We r still in the same house, different rooms, first two weeks i was ignored, which killed me. Then every now and then he will strike up conversation, talks to me in the mornings before work, asks how work is. Its hard for me to have him in the house when he is so adamant about leaving me. I asked him to leave because I cant bare this, asked him to find a friends sofa. The next day he sat down to talk to me whiel I was making dinner and he said he was sorry for the way he acted over the weekend "long story" but that he respects me and doesnt want to hrt me more than I am. THen he said if it is ok with me that he would rather stay in the house until we resolve all our financial issues. 
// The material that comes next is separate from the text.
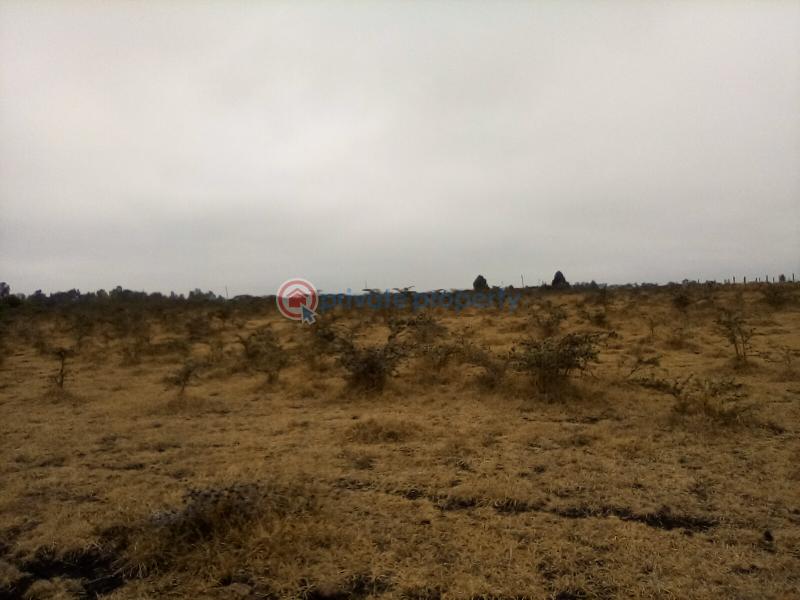 Land For Sale Off Kiserian Isinya Rd Rongai Ongata Rongai Kajiado - 8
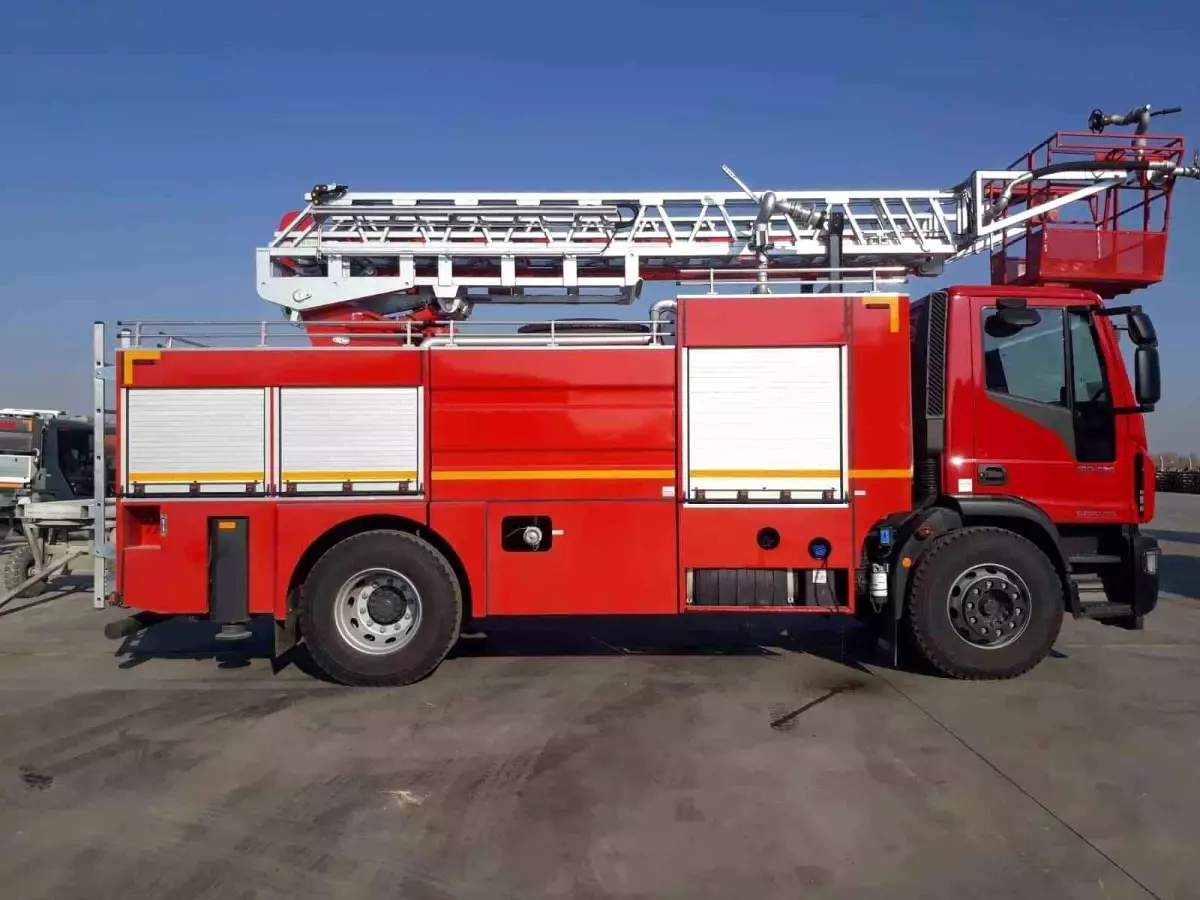 Bilecik Belediyesi İtfaiye Müdürlüğü’nden Baca Temizliği Uyarısı Yapıldı Bilecik Belediyesi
Does he realize that would take months?!?!?!? Since then he has been more talkative, says hi all the time... I can't read him. Im so confused and find little hope in us because of his actions and what he said, but every no and then I can't help but think.....what if? When am i supposed to just give up? I love that man, and I am afraid of letting go because I don't have a real reason or a "why" for him wanting to leave me other than he missed out on life and wants to live alone??? (selfish reason if you ask me)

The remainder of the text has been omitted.